Data provided »
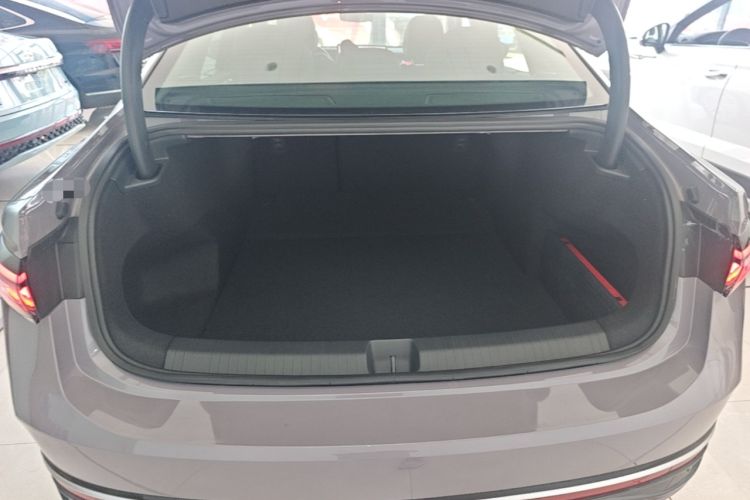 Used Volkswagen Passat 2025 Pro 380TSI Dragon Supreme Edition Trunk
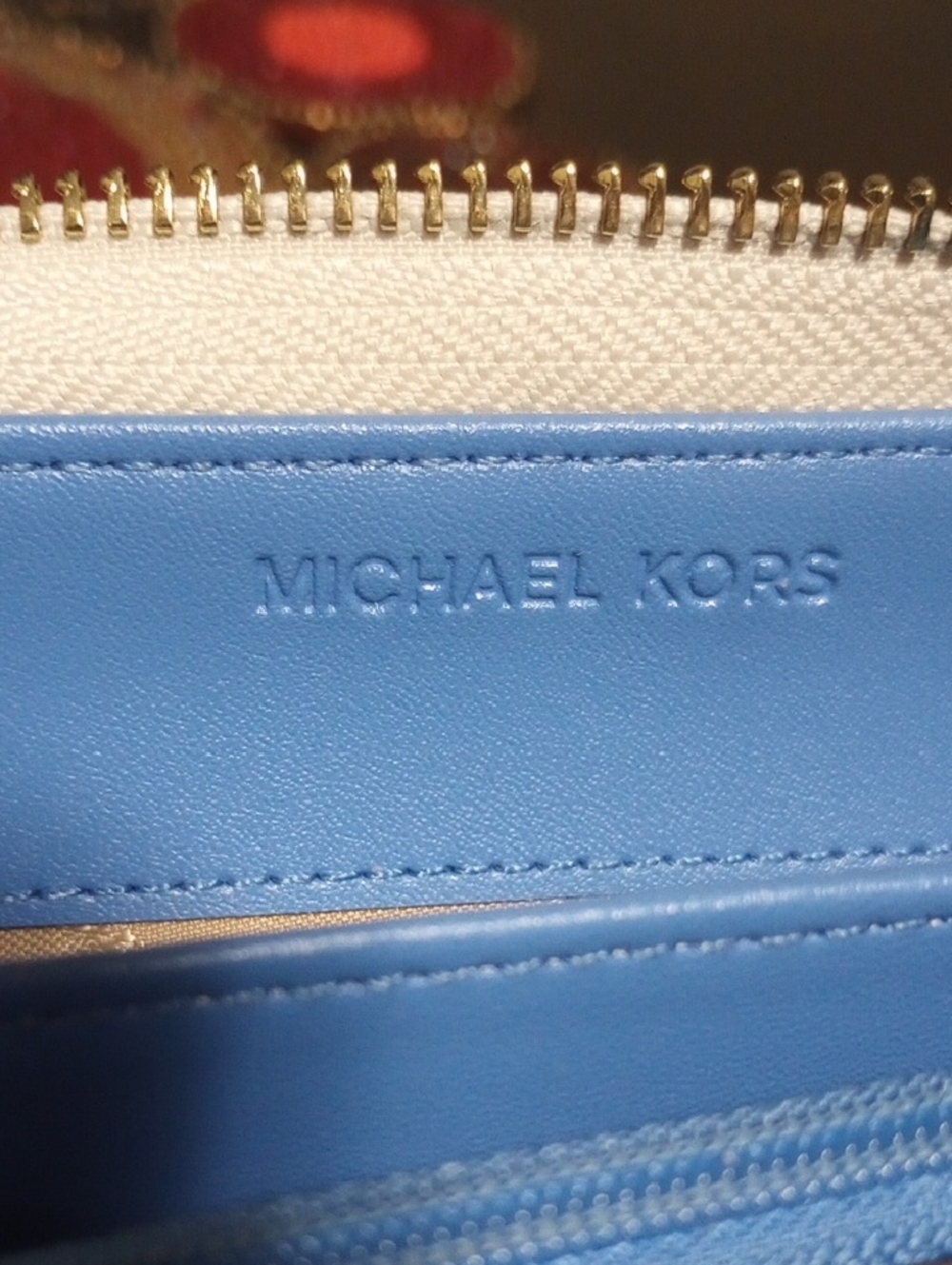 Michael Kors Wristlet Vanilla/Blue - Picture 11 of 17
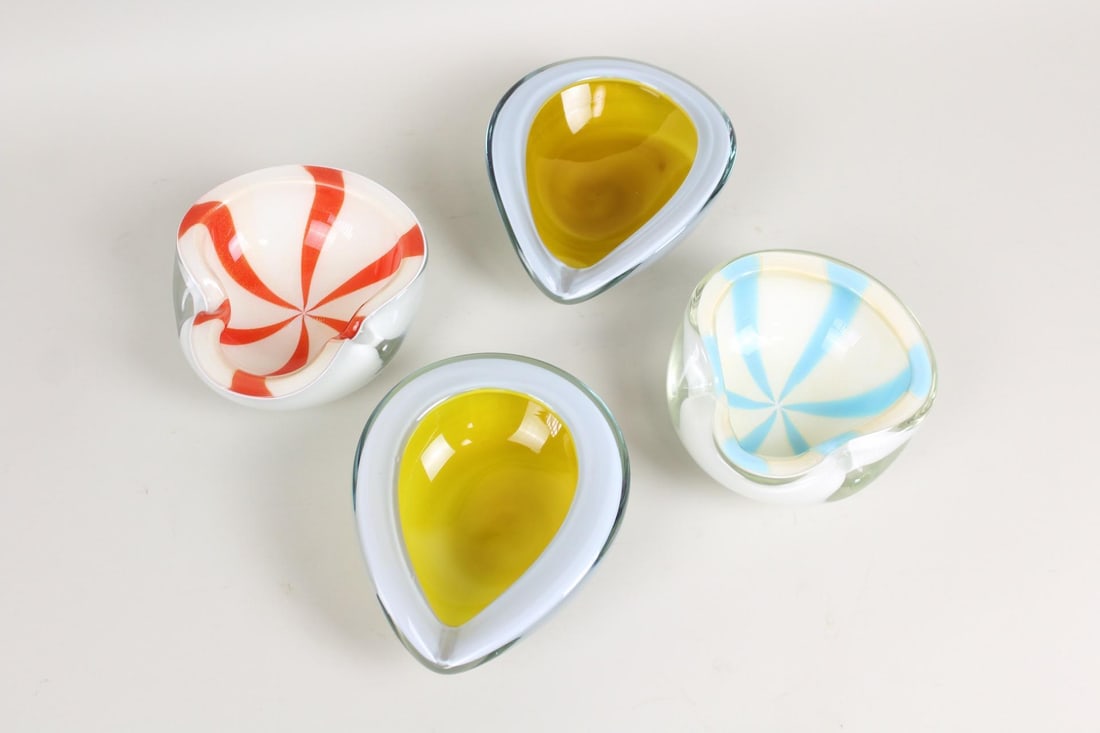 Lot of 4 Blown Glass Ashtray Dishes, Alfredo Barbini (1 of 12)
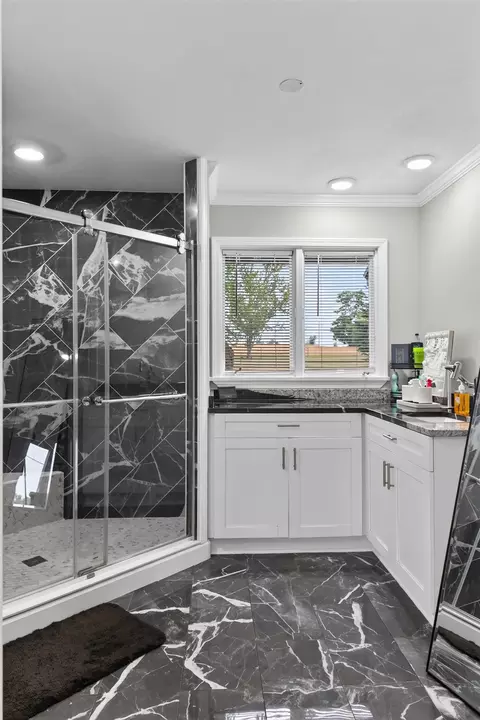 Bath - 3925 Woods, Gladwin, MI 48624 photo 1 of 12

Task directions »
Skipping any images, write out all the data exactly.

Result »
 Used Volkswagen Passat 2025 Pro 380TSI Dragon Supreme Edition Trunk
 Michael Kors Wristlet Vanilla/Blue - Picture 11 of 17
 Lot of 4 Blown Glass Ashtray Dishes, Alfredo Barbini (1 of 12)
 Bath - 3925 Woods, Gladwin, MI 48624 photo 1 of 12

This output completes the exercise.